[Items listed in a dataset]
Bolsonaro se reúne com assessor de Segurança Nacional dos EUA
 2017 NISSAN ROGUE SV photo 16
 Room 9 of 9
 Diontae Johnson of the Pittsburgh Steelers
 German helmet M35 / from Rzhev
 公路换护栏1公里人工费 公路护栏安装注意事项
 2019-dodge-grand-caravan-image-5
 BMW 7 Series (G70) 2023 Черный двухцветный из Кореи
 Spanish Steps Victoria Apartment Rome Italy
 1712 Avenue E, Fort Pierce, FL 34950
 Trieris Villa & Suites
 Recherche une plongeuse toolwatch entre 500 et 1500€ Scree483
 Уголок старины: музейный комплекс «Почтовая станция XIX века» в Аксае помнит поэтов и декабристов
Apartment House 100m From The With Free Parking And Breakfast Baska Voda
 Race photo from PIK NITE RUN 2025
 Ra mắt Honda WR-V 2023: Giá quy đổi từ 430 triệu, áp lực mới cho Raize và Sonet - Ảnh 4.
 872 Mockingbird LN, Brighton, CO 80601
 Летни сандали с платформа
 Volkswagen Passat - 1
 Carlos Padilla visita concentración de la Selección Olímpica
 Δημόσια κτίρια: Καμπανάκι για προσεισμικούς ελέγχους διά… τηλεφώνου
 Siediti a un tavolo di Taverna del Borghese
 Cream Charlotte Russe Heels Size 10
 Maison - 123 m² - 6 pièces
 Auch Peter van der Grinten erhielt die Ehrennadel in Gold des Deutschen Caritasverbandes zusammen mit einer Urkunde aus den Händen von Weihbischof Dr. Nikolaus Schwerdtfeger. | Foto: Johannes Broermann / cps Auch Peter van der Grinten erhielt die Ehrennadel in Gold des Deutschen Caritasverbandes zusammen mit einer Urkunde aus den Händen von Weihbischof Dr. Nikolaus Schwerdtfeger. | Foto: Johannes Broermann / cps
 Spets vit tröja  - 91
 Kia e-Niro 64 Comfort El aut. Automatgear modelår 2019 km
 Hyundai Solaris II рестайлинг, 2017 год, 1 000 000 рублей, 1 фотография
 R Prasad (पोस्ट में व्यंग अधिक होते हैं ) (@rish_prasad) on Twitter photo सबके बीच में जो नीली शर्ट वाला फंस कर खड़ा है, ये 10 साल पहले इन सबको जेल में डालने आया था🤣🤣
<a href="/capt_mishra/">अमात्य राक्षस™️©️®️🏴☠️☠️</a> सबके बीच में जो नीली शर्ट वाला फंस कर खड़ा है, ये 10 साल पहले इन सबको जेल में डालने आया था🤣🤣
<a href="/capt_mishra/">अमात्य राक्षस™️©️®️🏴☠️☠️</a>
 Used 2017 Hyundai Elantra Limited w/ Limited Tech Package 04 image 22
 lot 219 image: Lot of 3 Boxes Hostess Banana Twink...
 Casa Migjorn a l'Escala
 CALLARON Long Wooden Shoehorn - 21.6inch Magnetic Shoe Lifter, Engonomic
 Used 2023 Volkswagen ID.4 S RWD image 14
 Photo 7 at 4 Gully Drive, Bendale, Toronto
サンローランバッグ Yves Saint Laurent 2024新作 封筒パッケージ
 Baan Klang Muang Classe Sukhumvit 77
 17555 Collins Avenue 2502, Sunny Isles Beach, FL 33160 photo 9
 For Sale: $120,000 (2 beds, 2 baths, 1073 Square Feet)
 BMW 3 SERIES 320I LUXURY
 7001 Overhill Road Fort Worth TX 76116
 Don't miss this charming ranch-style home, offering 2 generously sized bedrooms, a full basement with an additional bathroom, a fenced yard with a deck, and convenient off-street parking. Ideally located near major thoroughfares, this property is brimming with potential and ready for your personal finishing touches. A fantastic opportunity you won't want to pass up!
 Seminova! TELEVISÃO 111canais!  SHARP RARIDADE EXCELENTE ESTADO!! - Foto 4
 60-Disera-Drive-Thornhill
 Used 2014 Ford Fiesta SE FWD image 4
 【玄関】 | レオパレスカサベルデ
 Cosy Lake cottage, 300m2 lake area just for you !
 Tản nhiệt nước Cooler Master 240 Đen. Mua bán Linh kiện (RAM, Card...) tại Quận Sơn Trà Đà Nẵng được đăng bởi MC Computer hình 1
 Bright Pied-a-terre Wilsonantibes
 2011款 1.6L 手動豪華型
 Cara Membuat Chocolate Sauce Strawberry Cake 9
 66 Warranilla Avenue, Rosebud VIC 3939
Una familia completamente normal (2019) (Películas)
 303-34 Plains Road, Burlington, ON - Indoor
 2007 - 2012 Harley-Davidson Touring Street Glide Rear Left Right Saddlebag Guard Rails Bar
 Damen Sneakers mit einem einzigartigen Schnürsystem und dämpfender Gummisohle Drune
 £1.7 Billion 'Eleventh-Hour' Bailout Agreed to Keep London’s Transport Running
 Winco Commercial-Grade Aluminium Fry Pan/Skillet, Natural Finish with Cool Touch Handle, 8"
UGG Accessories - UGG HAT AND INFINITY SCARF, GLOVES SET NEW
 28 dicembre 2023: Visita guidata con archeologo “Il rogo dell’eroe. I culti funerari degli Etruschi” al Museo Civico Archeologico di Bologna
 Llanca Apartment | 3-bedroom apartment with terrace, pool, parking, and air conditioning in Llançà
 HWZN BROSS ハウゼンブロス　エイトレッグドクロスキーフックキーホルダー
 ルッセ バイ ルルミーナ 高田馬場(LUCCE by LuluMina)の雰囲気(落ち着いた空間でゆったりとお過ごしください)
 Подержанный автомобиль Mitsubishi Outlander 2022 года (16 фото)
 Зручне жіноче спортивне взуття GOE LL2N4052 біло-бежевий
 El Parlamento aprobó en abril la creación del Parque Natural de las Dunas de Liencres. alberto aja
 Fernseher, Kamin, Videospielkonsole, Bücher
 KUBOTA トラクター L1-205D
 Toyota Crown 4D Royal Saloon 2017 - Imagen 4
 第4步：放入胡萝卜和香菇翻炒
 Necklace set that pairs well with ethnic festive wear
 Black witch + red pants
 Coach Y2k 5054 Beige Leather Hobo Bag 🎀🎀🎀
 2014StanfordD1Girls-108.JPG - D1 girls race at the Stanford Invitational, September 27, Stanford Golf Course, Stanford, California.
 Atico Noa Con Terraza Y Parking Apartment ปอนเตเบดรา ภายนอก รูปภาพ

Work task: Please reproduce the lines from the line with "Necklace set that" to the line with "2014StanfordD1Girls-108.JPG - D1", both ends included, exactly as they appear above.

Solution for this exercise:
 Necklace set that pairs well with ethnic festive wear
 Black witch + red pants
 Coach Y2k 5054 Beige Leather Hobo Bag 🎀🎀🎀
 2014StanfordD1Girls-108.JPG - D1 girls race at the Stanford Invitational, September 27, Stanford Golf Course, Stanford, California.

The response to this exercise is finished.